Larkin regards St. Petersburg as the most remarkable city in the world, but laments the obstacles that visitors face in getting here, most notably difficulties related to getting a visa.

“The rules have been relaxed for people arriving by ship, and maybe this will be extended to those arriving by train, but getting a visa is frustrating. I’m not criticizing anybody, I completely understand it all, but the process needs to be streamlined,” he said.

“The tourist dollar is an important part of city revenue. When tourists spend money in the city, it filters down to all sorts of different industries: To hotels, to restaurants, to taxi drivers, to local transport and to local services.”

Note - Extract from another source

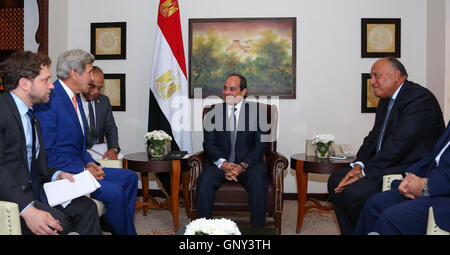 Neue Delh, neue Delh, Indien. 1. September 2016. US-Außenminister John Kerry trifft Abdel Fattah as-Sisi, Präsident von Ägypten, in Neu-Delhi, Indien, am 1. September 2016 Credit: ägyptische Präsident Büro/APA Bilder/ZUMA Draht/Alamy Live News Stockfoto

Larkin believes there should be far more interaction between the government and the hospitality industry, such as in cities such as Las Vegas, New York, London, Paris and Berlin that are marketed as tourist destinations.

“They are the competition, and St. Petersburg is a top contender. More hotels, more restaurants and more taxis mean more jobs, more money being put into the community, and better schools and hospitals as a result of more money generated through taxes. It affects everything, and that’s how the city can develop,” he said.

Tourists can be viewed as the ‘best mobile advert on two legs,” according to Larkin, who says it is essential that guests are provided with a high level of service both around the city and in hotels.

“For both businesses and individuals, reputation is everything,” said Larkin.

Larkin says that most of his values and principles came directly from his family, and believes it is important not to forget where you came from. In keeping with family tradition, Larkin adheres to Russian Orthodoxy and attends church every Sunday.

“My mother is still alive, and she follows Russian traditions, so every time I ring her and I speak in Russian, she corrects me like a good schoolteacher,” he smiles.

“And she cooks the best Napoleon cake in the world!”